Wer mit dem Wohnmobil unterwegs ist, muss sich vor dem Dunkelwerden darüber klar sein, wo man die Nacht verbringen will. Ob man frei steht, auf einem Campingplatz eincheckt oder auf einem Stellplatz unterkommt ist letzten Endes von vielen Faktoren abhängig.
Ein Faktor ist: Was bin ich für ein Campingtyp? Der die Freiheit liebende Abenteurer wird sich immer für einen Platz in der freien Natur entscheiden, der urbane Campertyp nimmt den Stellplatz und der überzeugte Camper halt den Campingplatz. Mischtypen nehmen es wie’s kommt oder sorgen für eine bunter Mischung, je nach Lage der Dinge oder der aktuellen Befindlichkeit.

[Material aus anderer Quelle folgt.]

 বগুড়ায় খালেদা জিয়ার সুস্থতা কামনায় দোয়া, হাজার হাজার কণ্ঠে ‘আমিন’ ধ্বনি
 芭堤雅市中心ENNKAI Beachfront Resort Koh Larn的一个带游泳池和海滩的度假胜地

Das soll jeder machen wie er mag. Wir haben auf unserer Reise etwa 50 % der Zeit frei gestanden. In Georgien oder Azerbaijan ging das gar nicht anders, auch in der Türkei ist die Campingplatzdichte nicht so, dass man da immer was adäquates findet.

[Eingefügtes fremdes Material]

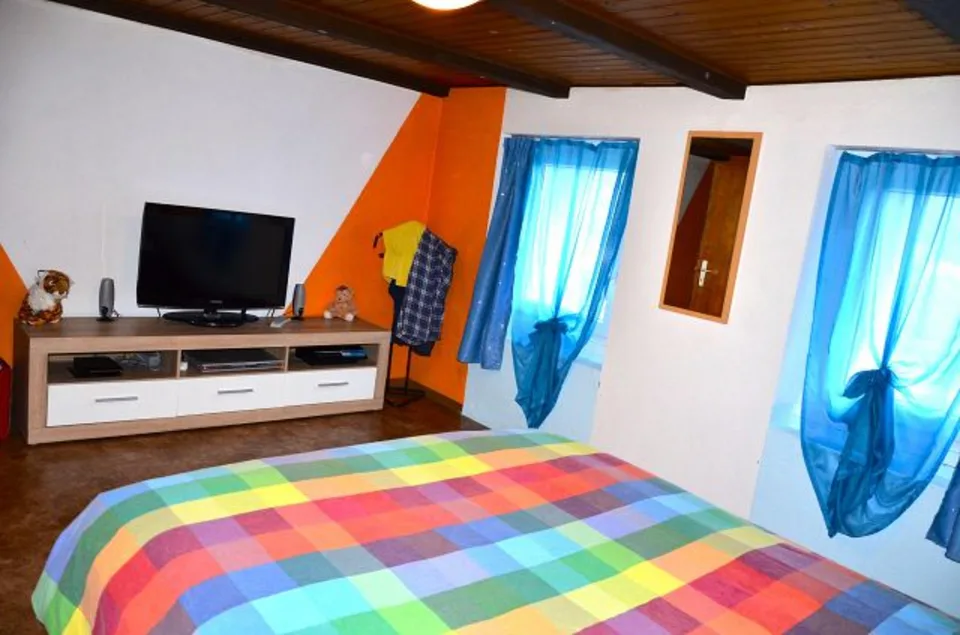 6 1/2 Zimmer-Einfamilienhaus mit grossem Umschwung an sehr ruhiger,... – Foto 17 von 30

Das “Wir stehen grundsätzlich frei!” ist eine Aussage, mit der ich nicht so gut klarkomme, auch wenn ich mit vielen dieser überzeugten Freisteher ein sehr gutes Verhältnis pflege. Mein Unbehagen hat soziale, ökonomische und ökologische Gründe und wirklich nichts persönliches.
Die Scharen von Overlandern, die in Marokko, im Iran oder Usbekistan einfallen sind dank ihrer Ausrüstung nicht auf die sich langsam in diesen Ländern aufbauende Infrastruktur angewiesen, und lassen demzufolge auch kein Geld dort. Das Lebensmodell verlangt Sparsamkeit, daher profitiert der lokale Tourismus “0” von diesen Reisenden. Mehr noch: Expeditionsfahrzeuge stehen oft an den schönsten und meist auch besonders geschützen Plätzen. Der Weg zu diesen Plätzen führt oft duch die Natur. Pflanzen werden zerstört, Tiere vertrieben, Boden verdichtet. Irgendwann muss Abwasser entworgt werden oder Müll. Und die ganze Nacht durch läuft die Dieselheizung. Ob da jetzt ein Verbotsschild steht oder nicht, tut mal nichts zur Sache. Dem überfahrenen Salamander ist das egal…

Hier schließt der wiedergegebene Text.